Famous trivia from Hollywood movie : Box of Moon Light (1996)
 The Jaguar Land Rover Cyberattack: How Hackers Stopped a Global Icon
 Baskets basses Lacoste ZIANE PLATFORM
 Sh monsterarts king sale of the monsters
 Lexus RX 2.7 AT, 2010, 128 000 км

★ ★ ★ ★ ★ ★ ★

▶ [WHAT IS BEING ASKED]: Go through the material and write each line out again exactly.

▶ [COMPLETED TASK]:
Famous trivia from Hollywood movie : Box of Moon Light (1996)
 The Jaguar Land Rover Cyberattack: How Hackers Stopped a Global Icon
 Baskets basses Lacoste ZIANE PLATFORM
 Sh monsterarts king sale of the monsters
 Lexus RX 2.7 AT, 2010, 128 000 км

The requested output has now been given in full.